This archive report was first published on 20 October 2019.
As we reflect on the recent unveiling of the Kenyatta National Hospital (KNH) deal, it's hard not to draw parallels with a similar scheme that was introduced a few years ago. In 2019, the government made a decision to lease medical equipment for several hospitals, with county governments footing the bill.
Despite initial reservations from health workers and some institutions, the government pushed forward with the plan, citing the procurement of top-level equipment as a means to improve healthcare services. However, questions were raised about the cost of the programme and the value it added to the healthcare system.

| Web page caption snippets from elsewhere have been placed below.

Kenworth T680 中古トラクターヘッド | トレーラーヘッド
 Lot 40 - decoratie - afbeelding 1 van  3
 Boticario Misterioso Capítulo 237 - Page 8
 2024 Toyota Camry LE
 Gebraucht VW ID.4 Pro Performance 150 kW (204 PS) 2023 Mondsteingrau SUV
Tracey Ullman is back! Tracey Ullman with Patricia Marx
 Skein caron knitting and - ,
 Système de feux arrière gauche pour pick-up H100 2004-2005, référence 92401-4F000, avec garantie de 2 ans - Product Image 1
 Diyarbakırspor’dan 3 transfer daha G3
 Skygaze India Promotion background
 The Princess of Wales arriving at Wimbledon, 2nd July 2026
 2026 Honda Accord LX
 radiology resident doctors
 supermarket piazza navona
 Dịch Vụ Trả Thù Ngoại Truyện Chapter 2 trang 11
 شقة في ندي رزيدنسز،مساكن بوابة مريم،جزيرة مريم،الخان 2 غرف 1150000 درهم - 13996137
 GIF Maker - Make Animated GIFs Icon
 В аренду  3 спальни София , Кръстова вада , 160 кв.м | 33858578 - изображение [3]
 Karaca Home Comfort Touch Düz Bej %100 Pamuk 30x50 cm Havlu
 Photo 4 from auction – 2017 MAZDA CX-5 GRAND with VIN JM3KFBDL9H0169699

One of the major concerns was that despite paying billions of shillings annually, the equipment would remain leased in perpetuity, with no ownership or control for the hospitals. Furthermore, many facilities lacked the necessary expertise to operate and maintain the equipment, leading to underutilization and waste.
Fast forward to the present, and we find ourselves facing a similar scenario with the KNH deal. A private investor is set to build a private hospital on KNH land, with the promise of generating profits to run the 'old' KNH. This convoluted logic is nothing short of astonishing, especially considering that public hospitals are supposed to be funded by taxes to provide the highest attainable standard of healthcare.
The fact that some in Parliament are supporting this deal is a stark reminder of the depths to which our body politic has sunk. Like we did four years ago, we are saying today that the KNH mega-project is a scam that will result in the senseless loss of public resources. If implemented, we shall be back here to tell you, once again, that we told you so!